The text within the corpus is then used to train the representation space. This is done using contrastive learning. A pair of text from the same class labels is taken and fed through a neural network to get a pair of outputs. The similarity score between the pair of outputs from the neural network is calculated using Eq. (3). In another instance a pair of text from two different classes is taken and fed through the same neural network. Again, the similarity score between these outputs is calculated using Eq. (3). Finally, the loss is calculated using Eq. (4). This loss is propagated backwards to the network learns to optimize the loss. This output space of the learned neural network is known as the textual representation space. A pair of texts with different labels repel each other as they are contrastive samples, whereas similar labels attract each other. This is done using NT-Xent loss. This loss uses a similarity function.

$$\begin{array}{*{20}{c}} {sim\left( {{t_a},{t_b}} \right) = ~\frac{{{t_a}^T{t_b}}}{{\left\| {{t_a}} \right\|\left\| {{t_b}} \right\|}}} \end{array} $$
(3)

where \(t_{a}\) represents text part a and \(t_{b}\) represents textual part b, \(t_{a}^{T}\) is the transpose of \(t_{a}\) and \(\left\| {t_{a} } \right\|\) represents the norm of \(t_{a}\). NT-Xent Loss [6] is given by:

$$ \begin{array}{*{20}c} {L_{a,b} = - \log \frac{{e^{{{\raise0.7ex\hbox{${sim\left( {t_{a} ,t_{b} } \right)}$} \!\mathord{\left/ {\vphantom {{sim\left( {t_{a} ,t_{b} } \right)} \tau }}\right.\kern-0pt} \!\lower0.7ex\hbox{$\tau $}}}} }}{{\mathop \sum \nolimits_{k = 1}^{2N} 1_{{\left[ {k \ne i} \right]}} e^{{{\raise0.7ex\hbox{${sim\left( {t_{a} ,t_{b} } \right)}$} \!\mathord{\left/ {\vphantom {{sim\left( {t_{a} ,t_{b} } \right)} \tau }}\right.\kern-0pt} \!\lower0.7ex\hbox{$\tau $}}}} }}} \\ \end{array} $$
(4)

where, \(1_{{\left[ {k \ne i} \right]}}\) is an indicator function evaluating to 1 iff \(k \ne i\), and \(sim\left( {t_{a} ,t_{b} } \right)\) comes from Eq. (3). Hence minimizing this function in Eq. (4) over all pairs of attractive and repulsive pairs gives us a text representation space. Since there is a variable number of words, and a variable dimensional input to a neural network is not possible, there is a need to fix the number of dimensions. This is performed by clustering the words in the representation space into 10 clusters using K-means clustering. The clusters centroids from the representation space are then considered as the text embeddings. Separate text embeddings for text recognized annotations and background scenes each with 10 centroids are obtained. The value of 10 clusters is determined empirically. This process has been shown in Fig. 3.
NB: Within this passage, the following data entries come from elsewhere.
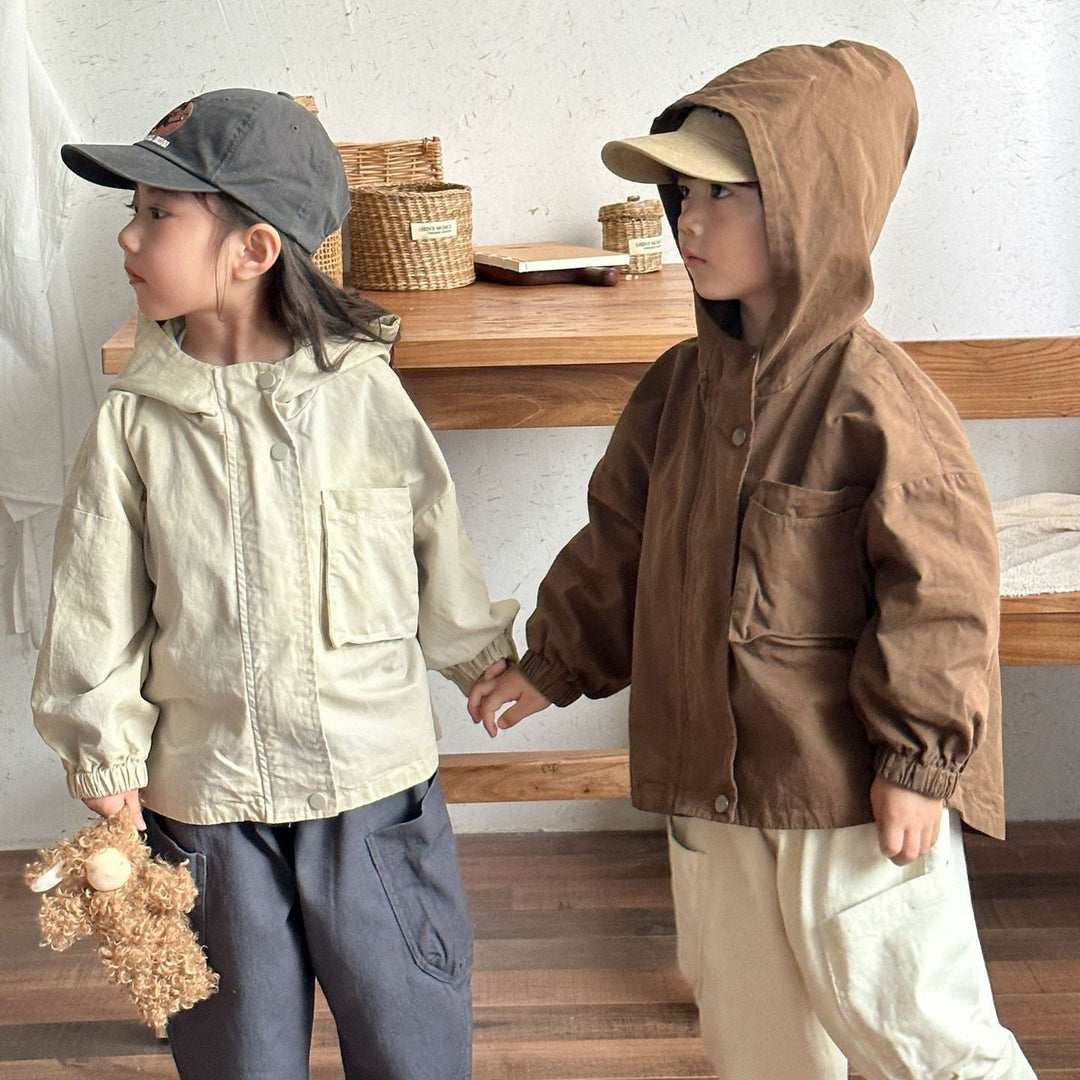 Two children wearing beige and brown hooded parkas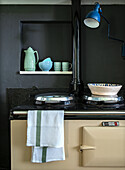 Vintage kitchen cooker, cups, jug and bowls in a wall niche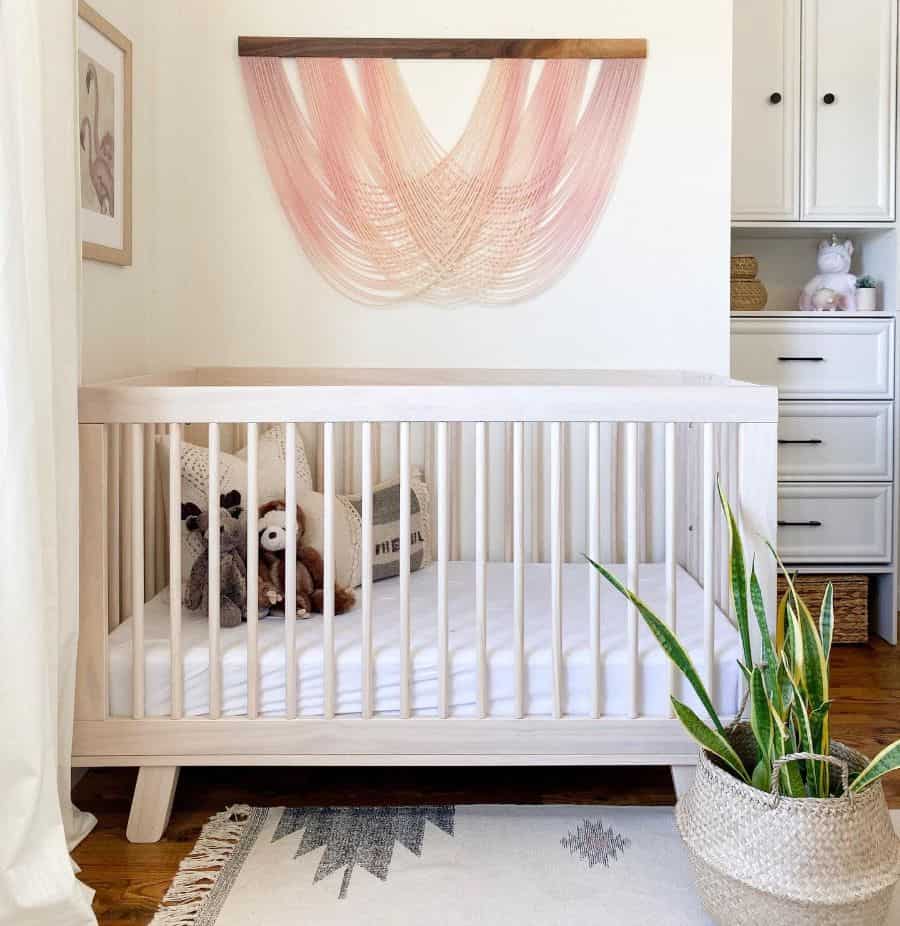 Modern baby room with light wood crib, pink hanging wall decor, and potted snake plant.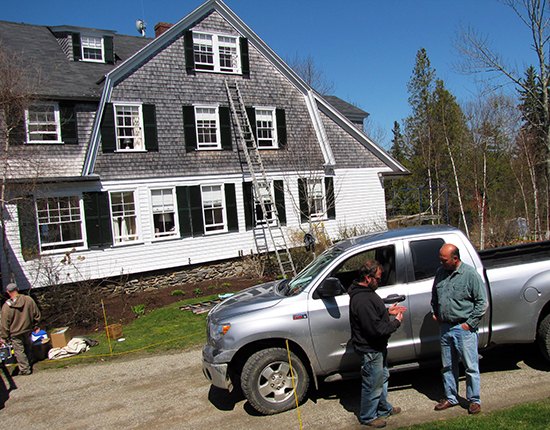 Mike Boucher, right, speaks with Andy Staples, one of the contractors who works on houses Boucher cares for on Islesboro. (Photo courtesy of Tom Groening, Island Institute)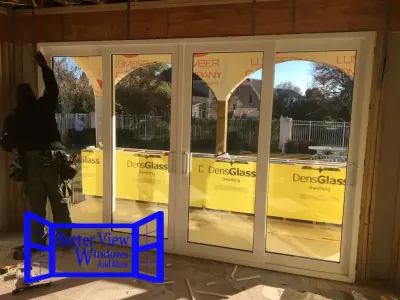 Room Addition with Sliding Glass Doors — Window Installation & Replacement project by Better View Windows And More, LLC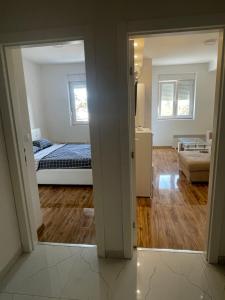 a view of a bedroom with a bed and a living room at Stan na dan Bratunac in Bratunac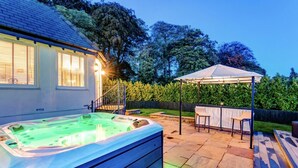 A hot tub in a backyard with a covered patio area and a staircase leading to a house.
$$ \begin{array}{*{20}c} {E_{R} = TCLR\left( {T_{R} } \right), E_{A} = TCLR\left( {T_{A} } \right), E_{B} = TCLR\left( {T_{B} } \right)} \\ \end{array} $$
(5)

where, \(T_{R} , T_{A}\), and \(T_{B}\) are taken from Eq. (1), and \(TCLR()\) is the Textual Contrastive Learning Representation function.

Fig. 3.
figure 3

Block diagram for word embeddings using contrastive learning. The recognized words from same class attract each other whereas, the recognized words from differing class repel each other.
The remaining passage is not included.